Demora no atendimento hospitalar sem fim à vista e Saúde diz que há falta enfermeiros

Foto de ArquivoA demora no atendimento hospitalar, um dos problemas de que a população se queixa com frequência no meio urbano e rural, não tem uma solução a breve trecho, porque, segundo as autoridades da Saúde, o país continua com poucos profissionais, no caso vertente os enfermeiros, cujo rácio com os pacientes está longe da média imposta pela Organização Mundial da Saúde (OMS).

Em Moçambique, a proporção enfermeiro/paciente é de 4,6 em cada 10 mil habitantes, contra uma relação de 10 em cada 10 mil habitantes, recomendada pela OMS.

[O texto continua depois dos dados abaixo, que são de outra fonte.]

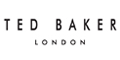 Ted Baker logo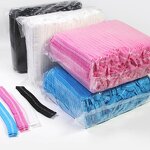 Disposable Surgical Mob Cap Manufacturer - New with CE Certificate Hairnet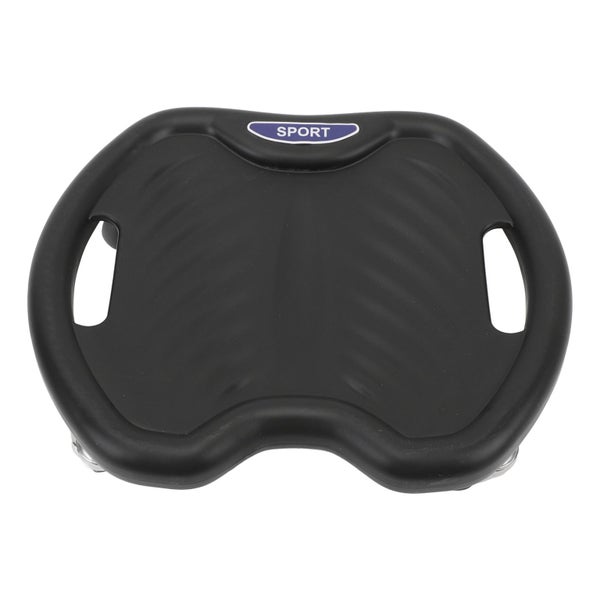 abdominal wheel disc abdominal disc abdominal roller disc ab exercise wheel disc Carousel 8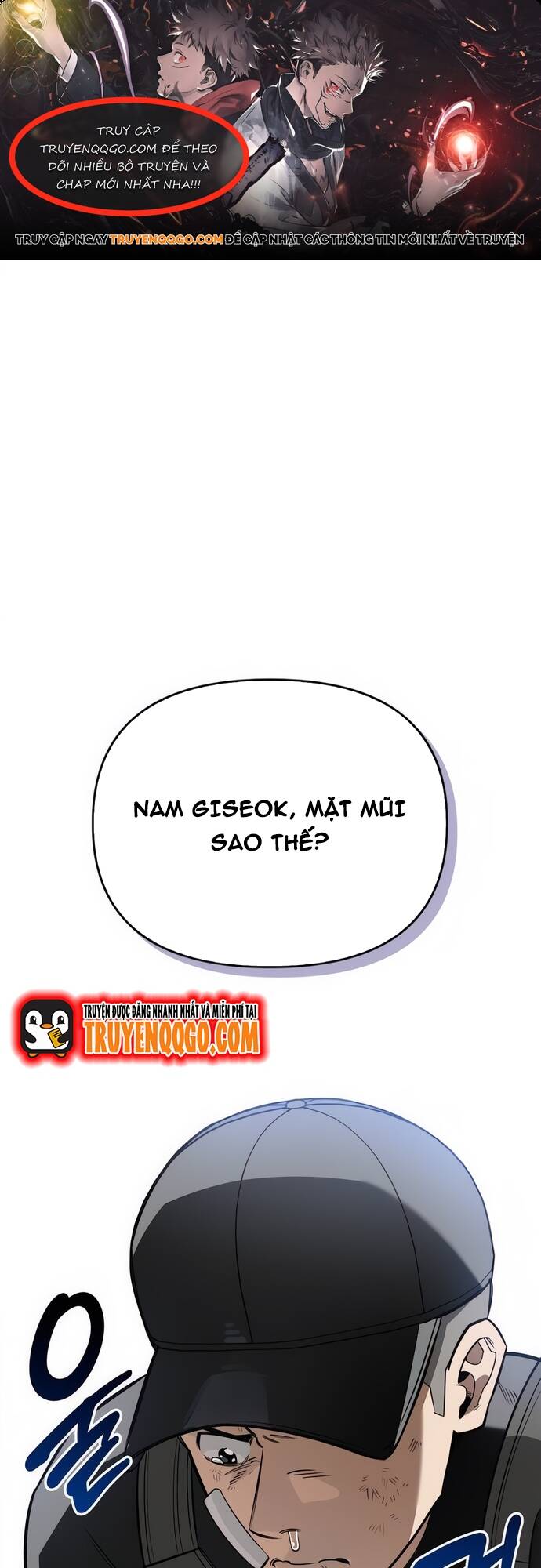 Nhật Ký Của Thợ Săn Hạng S Chap 10 - Next Chap 11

Nas unidades sanitárias, é comum o povo reclamar da demora no atendimento e da insolência de alguns técnicos de saúde, o que no seu entender resulta da negligência destes profissionais.

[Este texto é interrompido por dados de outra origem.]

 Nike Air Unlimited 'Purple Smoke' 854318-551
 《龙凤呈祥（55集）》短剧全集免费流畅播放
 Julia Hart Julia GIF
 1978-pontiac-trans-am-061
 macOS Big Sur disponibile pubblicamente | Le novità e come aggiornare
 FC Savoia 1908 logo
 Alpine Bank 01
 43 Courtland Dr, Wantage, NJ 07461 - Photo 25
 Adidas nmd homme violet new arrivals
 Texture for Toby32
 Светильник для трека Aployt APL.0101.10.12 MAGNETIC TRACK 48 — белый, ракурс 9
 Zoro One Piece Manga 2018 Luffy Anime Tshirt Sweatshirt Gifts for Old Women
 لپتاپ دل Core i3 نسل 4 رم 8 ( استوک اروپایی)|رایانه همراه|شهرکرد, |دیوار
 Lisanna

Entretanto, Olga Novela, chefe do Departamento de Enfermagem, reconhece que os doentes permanecem horas a fio à espera de serem atendidos em diversos hospitais, há relatos de mau atendimento e falta de humanização, mas explica que o problema resulta da exiguidade de recursos humanos.

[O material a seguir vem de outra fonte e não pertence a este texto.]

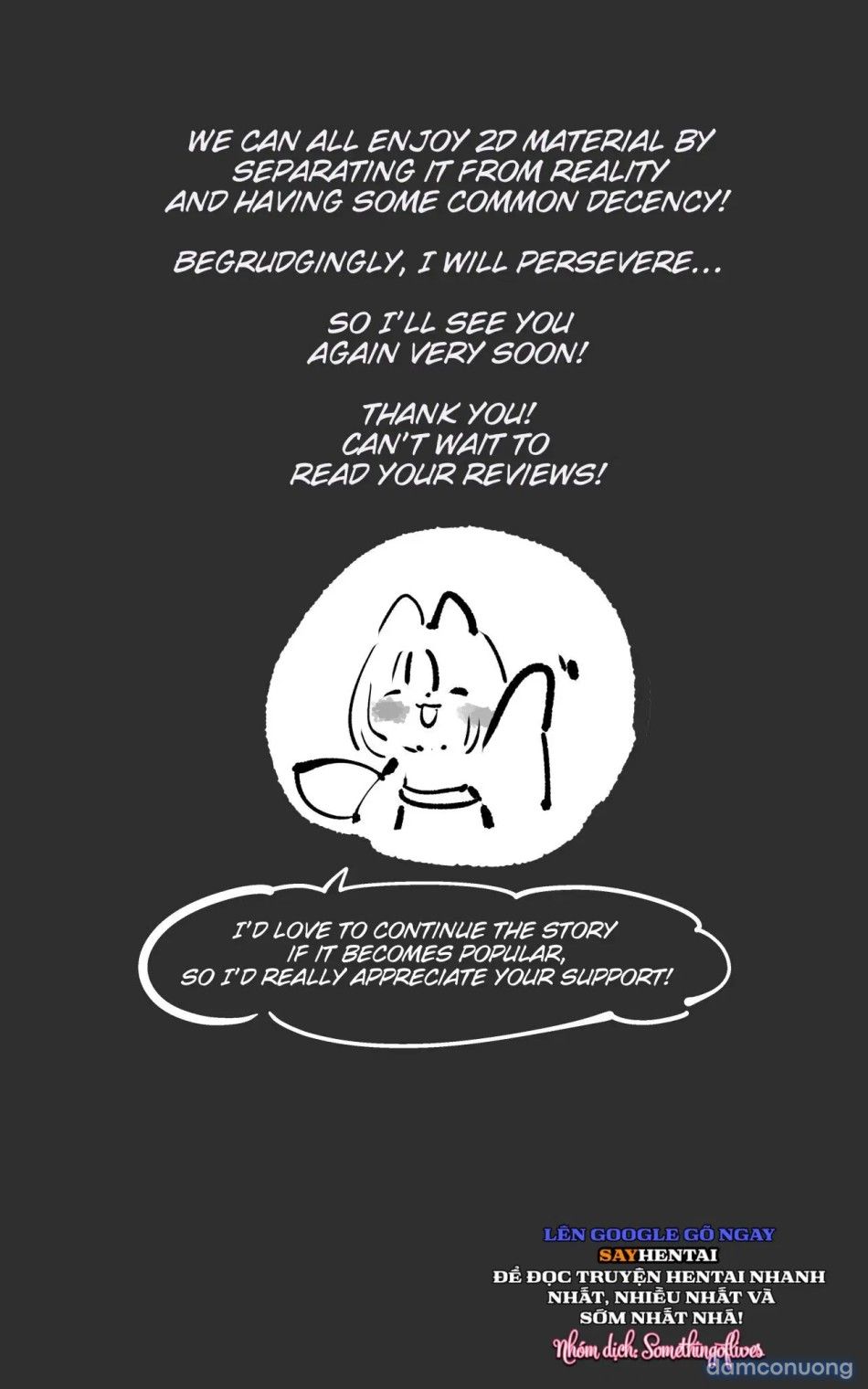 đọc truyện Chuyển Sinh Thành Công Cụ Chiến Đấu, Tôi Bị Hiếp Dâm. Chương 2 ảnh 21 tại Thiên Thai Truyện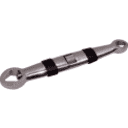 Thumbnail 0 de Llave 7-19mm 1/4-3/4 Hexagonal Ajustable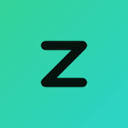 ZonRival MCP logo, by ZonRival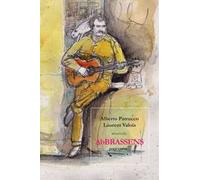 AbBRASSENS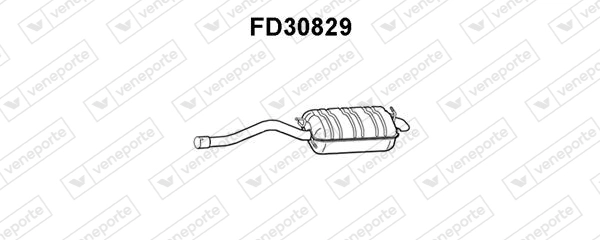 FD30829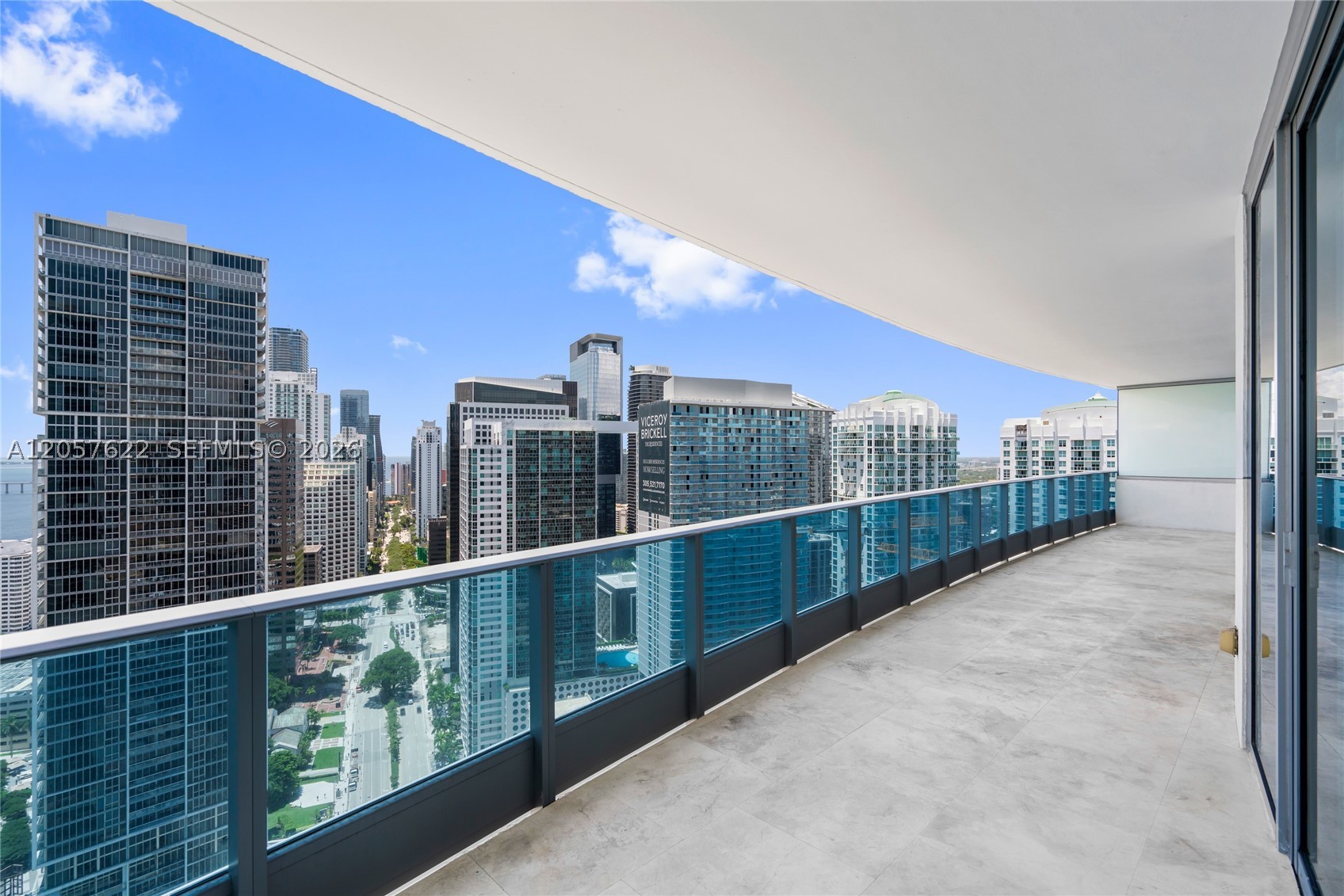image Epic Residences45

Temos 12.608 enfermeiros para mais de 25 milhões de habitantes, o que é claramente demasiado e cria pressão no único técnico que o doente encontra nas enfermarias. É o mesmo profissional, de acordo com Olga Novela, que atende vários pacientes em estado de saúde moderado e grave.

A fonte, que falava quinta-feira (15), na capital moçambicana, num encontro sobre a Enfermagem em Moçambique: “da Realidade aos Desafios Futuros””, disse que não basta só aumentar o número de enfermeiros, é necessário também criar condições para que os pacientes se sintam confortáveis sempre que procuram os cuidados médicos.

Segundo Nazira Abdula, ministra da Saúde, dos 12.608 enfermeiros existentes em Moçambique, 42% são de saúde materno infantil e 58% de enfermagem geral. Do total, 40% estão afectos aos cuidados primários.

Este número continua insuficiente, por isso, cria uma sobrecarga aos técnicos das unidades sanitárias e, por conseguinte, “a qualidade de assistência aos nossos pacientes”” deixa a desejar, disse a governante , que, entretanto, sublinhou que, pese embora as dificuldades, o profissionalismo deve prevalecer.